City attorney Jeff Turnage said the Guardian’s version was the earliest version, made before evidence of the Taser use. The “official” version, the one obtained by The Dispatch, was the updated, correct report.
What some might view as a conspiracy to alter an official document was instead more likely to have been a act of sloppiness. There is no rational reason for the CPD to hold on to an inaccurate report, let alone disperse it to the media.
The city’s first public response to the shooting – three days after the incident – was urging residents to remain calm, not to rush to judgment or put much stake in rumors.
Trust us, they said.
The two versions of an incident report is just the latest in a series of missteps and questionable coincidences that have undermined any trust residents have had.
From the start, the CPD’s lax enforcement of its body camera policy set in motion an unfortunate series of events that were certain to shake the confidence of residents.
None of the three officers involved in the fateful traffic stop activated their body cameras during the confrontation. It was only well after the incident that the CPD put some real “teeth” into its policy, by then far too late to be of use in this incident.
The mistakes didn’t end there, of course. It took three days for city officials to make any kind of public comment on the shooting, and in the days that followed, city and police officials seemed reluctant to share even the most benign information, facts that had no bearing on the investigation.
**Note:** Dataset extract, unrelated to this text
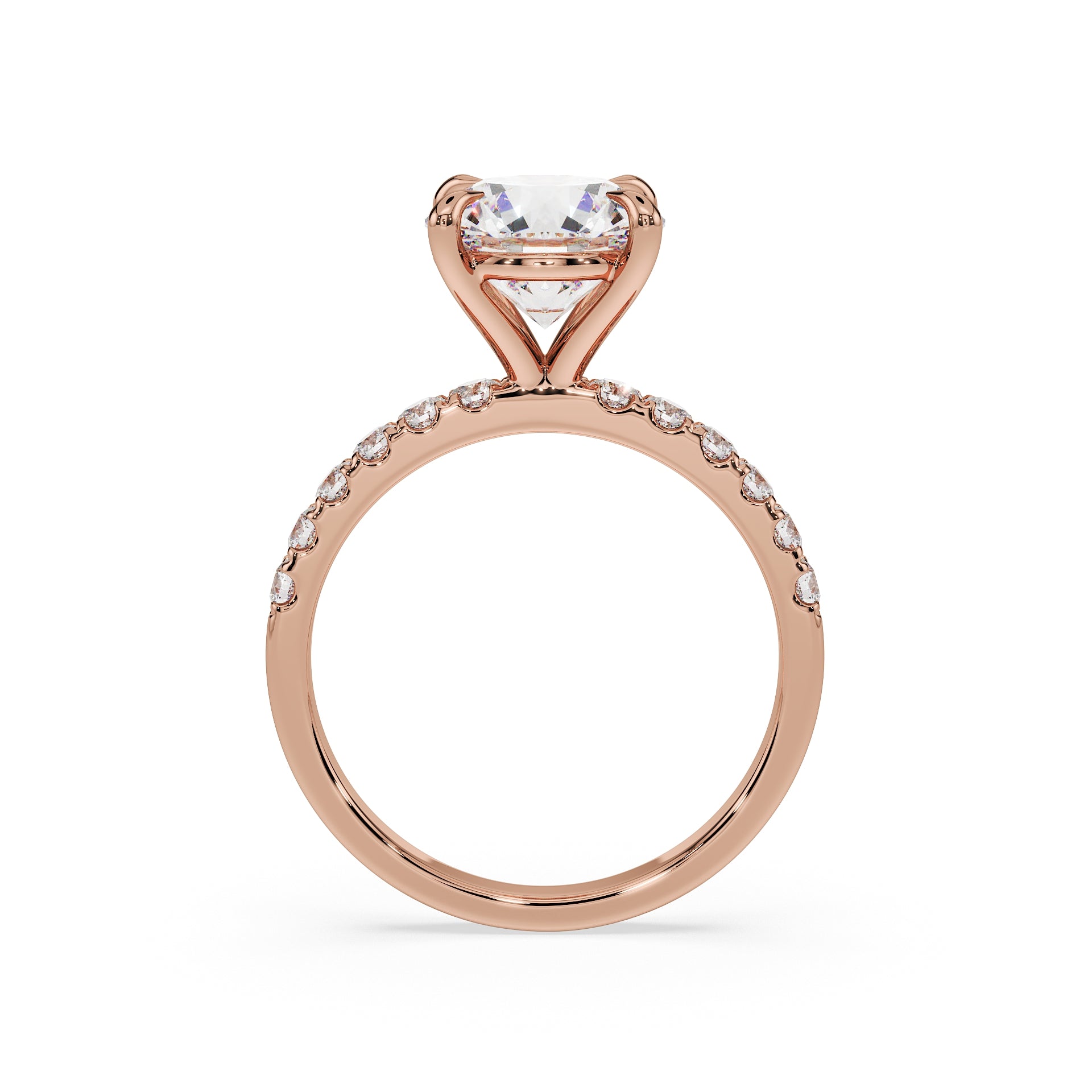 Round Cut Engagement Ring - Classic Collection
It seemed city and police officials were suffering some sort of paralysis. It was four days after the shooting that then-CPD Chief Tony Carleton claimed that he finally got around to viewing what little body camera footage of the incident there was, footage gathered from one of the officers shortly after the shooting.
This week, one of the involved officers — Canyon Boykin — filed a wrongful termination suit against the city. His version of the events and the atmosphere surrounding the police department and city paint a disturbing picture.
It should be noted that lawsuits contain allegations, not proof. The claims detailed in the lawsuit must be proven in a court of law.
Even when the Mississippi Bureau of Investigation finishes its investigation and files its report, other probes will continue, including an FBI investigation of the CPD and a possible inquiry by the Department of Justice. All of that information will be presented to a grand jury, which will determine the course of action.
In the meantime, city and police officials urge residents to remain calm and exercise restraint.
Yet each mistake and misstep the city and its police department makes it more difficult for residents to have confidence in their leaders.